### TASK PROMPT
Below are the records; copy exactly the stretch from the line containing "Moteur Piaggio Aprilia" through the line containing "7017 Silver Lake Dr - Photo 4 of 5", both ends included, and nothing else.

(Beginning of INPUT RECORDS)

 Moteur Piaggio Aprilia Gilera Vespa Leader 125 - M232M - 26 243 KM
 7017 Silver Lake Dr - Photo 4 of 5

(End of INPUT RECORDS)
(Beginning of INPUT RECORDS)

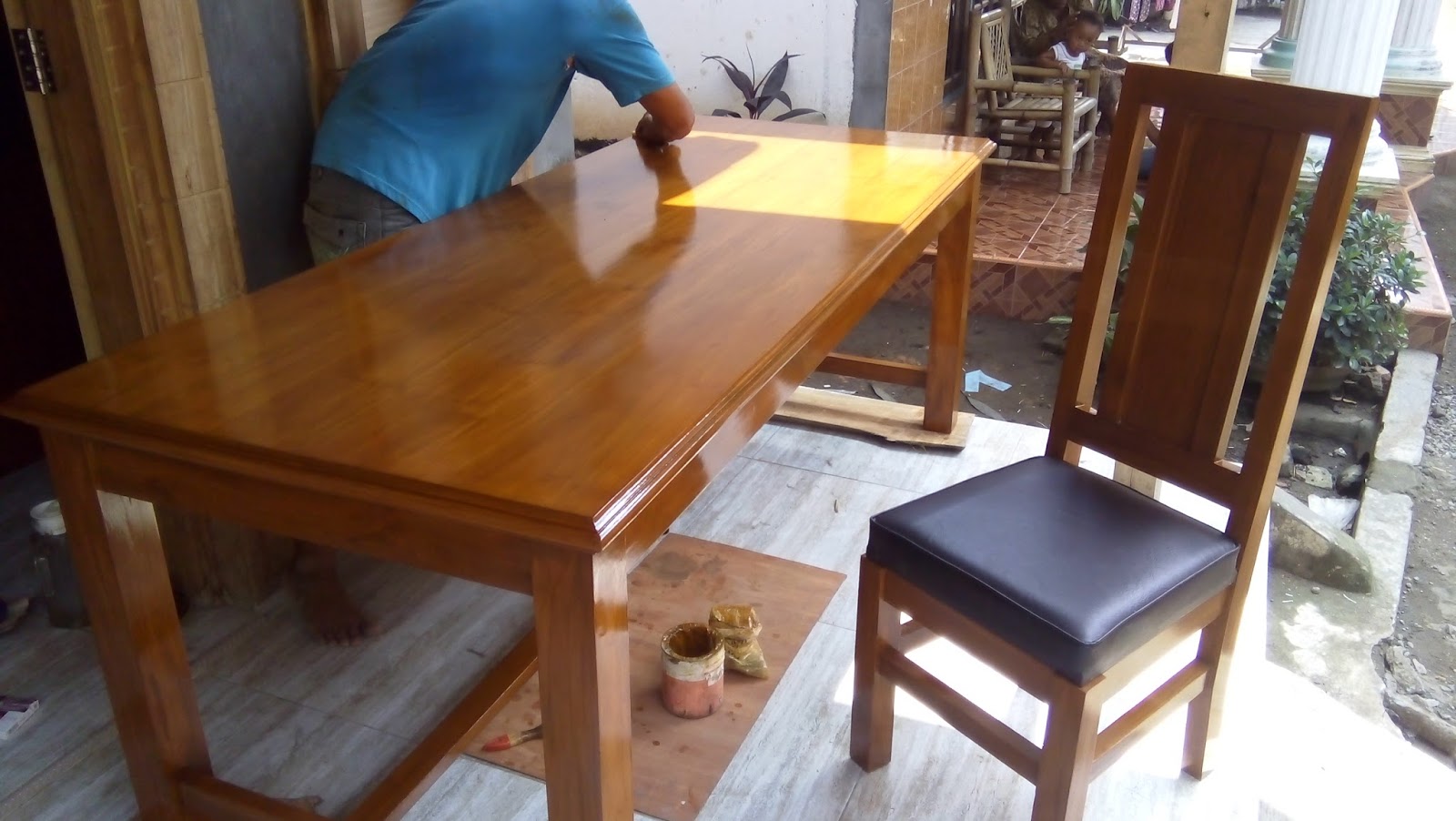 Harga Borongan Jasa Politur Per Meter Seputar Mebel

(End of INPUT RECORDS)

### REPLY
 Moteur Piaggio Aprilia Gilera Vespa Leader 125 - M232M - 26 243 KM
 7017 Silver Lake Dr - Photo 4 of 5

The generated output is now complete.